North Korea earlier this month showed a visiting American scientist, Siegfried Hecker, a Stanford professor who previously directed the Los Alamos National Laboratory, “a vast new facility it secretly and rapidly built to enrich uranium.” Hecker said he was “stunned” by the facility’s sophistication, where he saw “hundreds and hundreds” of centrifuges and an “ultra-modern control room.”
Defense Secretary Robert Gates warned yesterday of “significant consequences” if the Senate fails to ratify the START nuclear arms treaty, and rejected Republican stall tactics. “Despite what anybody says, I, as secretary of Defense, and the entire uniformed leadership of the American military believe that this treaty is in our national security interest,” Gates said.
At the NATO Summit last weekend, European allies signaled “growing alarm” over the possible failure of the Senate to ratify the New START treaty this year. Not only would its failure jeopardize Russian cooperation in Afghanistan and Iran, but would complicate U.S. plans to help reduce thousands of smaller Russian nuclear weapons that are “much more even dangerous” to Europe than long-range weapons.
Gates will release the military’s DADT report Nov. 30, one day earlier than planned, the Pentagon said Sunday.

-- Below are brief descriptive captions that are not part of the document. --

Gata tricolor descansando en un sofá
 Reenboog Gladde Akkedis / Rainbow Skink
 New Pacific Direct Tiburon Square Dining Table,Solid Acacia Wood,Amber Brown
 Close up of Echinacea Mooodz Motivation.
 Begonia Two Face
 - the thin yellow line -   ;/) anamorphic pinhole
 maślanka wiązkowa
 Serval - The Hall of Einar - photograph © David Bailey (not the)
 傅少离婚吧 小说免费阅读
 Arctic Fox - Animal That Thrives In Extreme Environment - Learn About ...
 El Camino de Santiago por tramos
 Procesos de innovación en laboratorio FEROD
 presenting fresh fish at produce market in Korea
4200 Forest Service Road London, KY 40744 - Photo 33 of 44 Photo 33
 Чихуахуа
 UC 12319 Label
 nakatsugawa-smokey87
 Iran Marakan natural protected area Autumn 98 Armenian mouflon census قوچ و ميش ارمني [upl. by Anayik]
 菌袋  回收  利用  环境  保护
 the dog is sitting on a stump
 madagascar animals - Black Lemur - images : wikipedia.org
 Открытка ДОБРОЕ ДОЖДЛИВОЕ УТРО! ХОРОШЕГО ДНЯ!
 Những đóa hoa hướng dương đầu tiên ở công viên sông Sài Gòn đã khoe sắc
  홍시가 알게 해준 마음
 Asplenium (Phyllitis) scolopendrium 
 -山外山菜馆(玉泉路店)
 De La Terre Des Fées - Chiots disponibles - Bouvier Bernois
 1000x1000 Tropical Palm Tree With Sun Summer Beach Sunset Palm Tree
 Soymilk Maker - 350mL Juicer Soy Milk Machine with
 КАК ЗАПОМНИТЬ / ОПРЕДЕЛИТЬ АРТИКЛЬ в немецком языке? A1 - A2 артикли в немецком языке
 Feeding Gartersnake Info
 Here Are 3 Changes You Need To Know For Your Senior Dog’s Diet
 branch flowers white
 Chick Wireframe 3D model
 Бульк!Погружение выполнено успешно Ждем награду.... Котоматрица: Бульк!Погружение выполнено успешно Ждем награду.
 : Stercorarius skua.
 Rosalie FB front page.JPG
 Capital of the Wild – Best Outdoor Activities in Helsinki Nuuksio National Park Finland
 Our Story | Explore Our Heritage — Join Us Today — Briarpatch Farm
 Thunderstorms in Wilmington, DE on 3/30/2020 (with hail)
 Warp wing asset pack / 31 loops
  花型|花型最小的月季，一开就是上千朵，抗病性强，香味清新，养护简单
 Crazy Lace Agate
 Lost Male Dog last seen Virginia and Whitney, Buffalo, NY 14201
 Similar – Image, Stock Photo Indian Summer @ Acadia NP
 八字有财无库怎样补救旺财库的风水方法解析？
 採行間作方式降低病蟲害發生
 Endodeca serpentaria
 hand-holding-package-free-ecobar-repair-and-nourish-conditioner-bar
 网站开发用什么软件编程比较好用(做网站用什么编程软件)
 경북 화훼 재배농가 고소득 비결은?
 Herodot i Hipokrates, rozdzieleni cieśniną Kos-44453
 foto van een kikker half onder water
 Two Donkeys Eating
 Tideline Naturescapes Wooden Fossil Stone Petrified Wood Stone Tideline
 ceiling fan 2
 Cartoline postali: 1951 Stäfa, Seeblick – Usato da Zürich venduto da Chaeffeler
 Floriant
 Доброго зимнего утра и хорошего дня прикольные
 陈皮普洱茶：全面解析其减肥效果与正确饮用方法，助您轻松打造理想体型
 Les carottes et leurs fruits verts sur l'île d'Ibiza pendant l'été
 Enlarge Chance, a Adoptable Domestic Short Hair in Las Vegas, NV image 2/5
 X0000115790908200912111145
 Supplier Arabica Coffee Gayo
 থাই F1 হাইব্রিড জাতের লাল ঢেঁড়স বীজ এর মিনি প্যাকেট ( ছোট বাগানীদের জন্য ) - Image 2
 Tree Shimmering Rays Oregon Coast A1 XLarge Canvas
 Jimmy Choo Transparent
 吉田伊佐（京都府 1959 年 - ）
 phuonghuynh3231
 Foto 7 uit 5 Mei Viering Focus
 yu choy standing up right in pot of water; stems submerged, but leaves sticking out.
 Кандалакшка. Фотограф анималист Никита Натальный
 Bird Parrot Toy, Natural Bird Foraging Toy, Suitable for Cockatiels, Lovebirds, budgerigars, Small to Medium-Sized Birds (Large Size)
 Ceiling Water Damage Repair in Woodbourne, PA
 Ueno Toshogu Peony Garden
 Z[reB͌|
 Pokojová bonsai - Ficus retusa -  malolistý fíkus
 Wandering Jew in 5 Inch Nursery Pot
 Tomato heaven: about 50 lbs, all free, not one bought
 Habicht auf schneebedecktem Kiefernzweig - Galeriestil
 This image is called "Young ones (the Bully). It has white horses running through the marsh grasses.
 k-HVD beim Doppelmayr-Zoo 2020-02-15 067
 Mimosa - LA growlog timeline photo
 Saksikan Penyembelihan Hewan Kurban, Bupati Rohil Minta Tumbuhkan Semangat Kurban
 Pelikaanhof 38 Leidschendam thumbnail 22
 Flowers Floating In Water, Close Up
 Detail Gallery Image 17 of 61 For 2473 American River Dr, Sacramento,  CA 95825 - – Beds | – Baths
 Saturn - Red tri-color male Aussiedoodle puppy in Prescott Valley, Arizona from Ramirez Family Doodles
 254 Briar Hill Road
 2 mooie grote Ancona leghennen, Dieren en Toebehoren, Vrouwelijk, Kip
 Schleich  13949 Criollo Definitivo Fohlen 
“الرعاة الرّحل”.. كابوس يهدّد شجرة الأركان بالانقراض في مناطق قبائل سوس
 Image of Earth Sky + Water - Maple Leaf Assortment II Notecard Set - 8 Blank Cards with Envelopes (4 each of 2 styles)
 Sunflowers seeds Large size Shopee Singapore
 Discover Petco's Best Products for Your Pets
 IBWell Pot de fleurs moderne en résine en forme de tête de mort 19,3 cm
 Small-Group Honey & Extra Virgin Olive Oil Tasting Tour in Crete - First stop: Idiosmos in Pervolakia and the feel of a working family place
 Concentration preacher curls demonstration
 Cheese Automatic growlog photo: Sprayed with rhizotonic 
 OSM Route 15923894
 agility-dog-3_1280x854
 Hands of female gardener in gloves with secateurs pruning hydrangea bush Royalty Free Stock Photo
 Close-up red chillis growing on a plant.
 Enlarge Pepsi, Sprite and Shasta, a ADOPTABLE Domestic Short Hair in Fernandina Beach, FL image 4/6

With the Senate slated to vote again on the repeal after the Thanksgiving recess, Gates ordered his staff to be ready a day sooner to allow for Senate hearings and “to support Congress’s wish to consider repeal before they adjourn” in December.
Billionaire Warren Buffet told ABC’s Christiane Amanpour during an interview scheduled to be aired next week that taxes on the richest Americans should be dramatically raised. “I think that people at the high end — people like myself — should be paying a lot more in taxes. We have it better than we’ve ever had it,” said Buffet.
A new study from the British University of Exeter finds that carbon emissions worldwide dropped 1.3 percent from 2008 to 2009, largely as a result of the economic recession. The study also “projects that if the economic recovery proceeds as expected, global fossil fuel emissions will increase by more than 3% in 2010.”
Faced with enormous budget shortfalls and balanced budget requirements, some states are now considering what was once unthinkable: dropping out of Medicaid. Officials in half a dozen states have floated the idea recently, according to the Wall Street Journal, and have even produced detailed studies examining the risks — though even proponents don’t expect any state to actually follow through.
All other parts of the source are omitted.